Saturday, February 28, 2009

Straw puts Iraq back onto the agenda



The decision by Justice Secretary, Jack Straw to veto the publication of minutes of key Cabinet meetings held in the run-up to the invasion of Iraq in 2003 seems almost certain to make the war an issue again.

The BBC report that Straw is to use a clause in the Freedom of Information Act to block the release of details of meetings in which the war's legality was discussed:

Releasing the papers would do "serious damage" to Cabinet government, he said, and outweighed public interest needs.

The Information Tribunal ruled last month that they should be published.

They had rejected a government appeal against the Information Commissioner's ruling that the papers be published because decisions taken in the run-up to 2003 invasion of Iraq were "momentous" and controversial.

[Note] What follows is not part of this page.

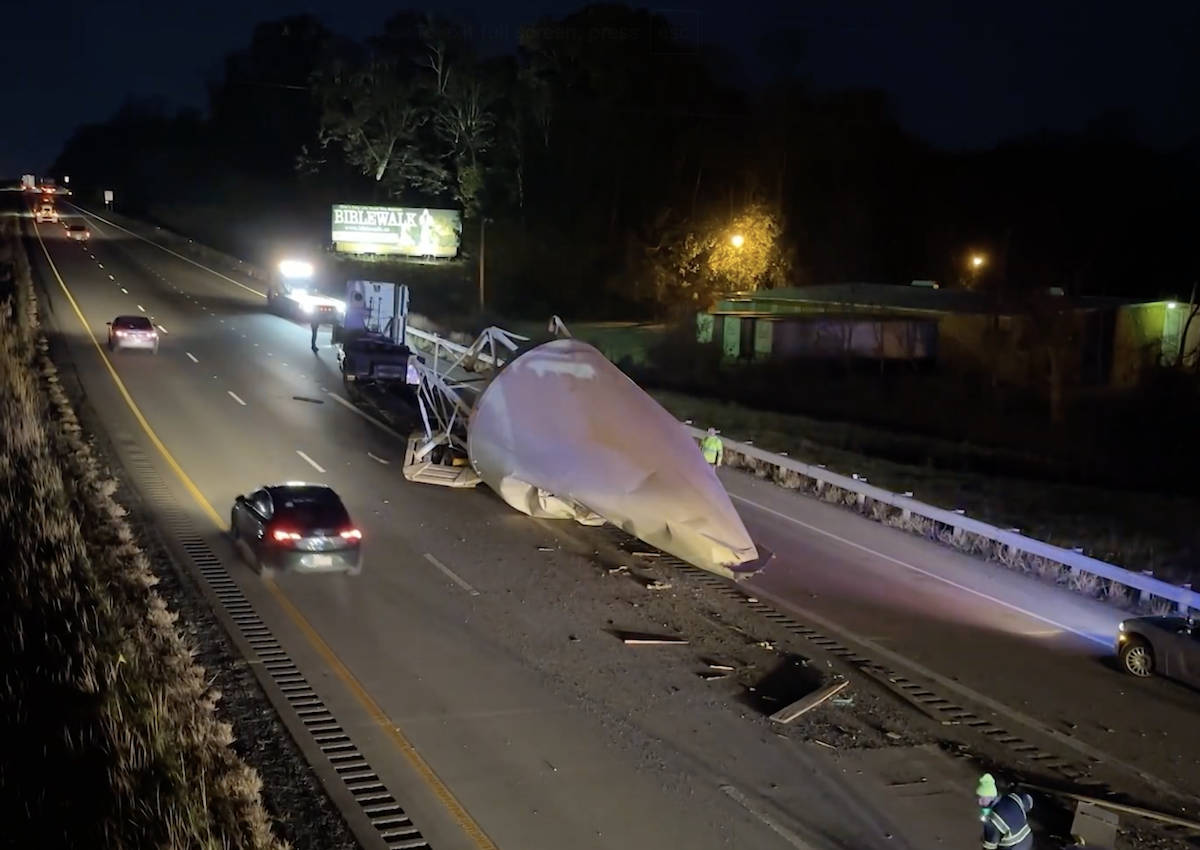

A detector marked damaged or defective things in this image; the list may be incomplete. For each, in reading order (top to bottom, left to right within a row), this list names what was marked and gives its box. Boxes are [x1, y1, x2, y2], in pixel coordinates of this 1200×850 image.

There is a balance to be struck between openness and maintaining aspects of our structure of democratic government

The government could have appealed against the Information Tribunal's decision in the High Court, but has decided instead to use the ministerial veto for the first time since the Freedom of Information laws came into force.

Mr Straw told MPs he had not taken the decision - which had to be approved by Cabinet - to block the minutes "lightly".

But he said it was "necessary" in the interest of protecting the confidentiality of ministerial discussions which underpinned Cabinet government and collective responsibility.

"There is a balance to be struck between openness and maintaining aspects of our structure of democratic government," he said.

"The damage that disclosure of the minutes in this instance would do far outweighs any corresponding public interest in their disclosure."

Not surprisingly, the Justice Secetary has won the support of the Conservatives for his decision. They joined with the Government to vote in favour of this illegal war.

When Jack Straw says that publication will cause damage he is right but it is the Labour Party and the Government who will suffer the most. No wonder he overruled publication. David Howarth is quite right when he says that the decision is "more to do with preventing embarrassment than protecting the system of government".

He believes that it is in the public's interest to know that the Cabinet, as a decision-making body, had "collapsed" in the run-up to war and been supplanted by a handful of key individuals around the then prime minister Tony Blair.

Now the Labour Party are trying to brush the whole affair under the carpet.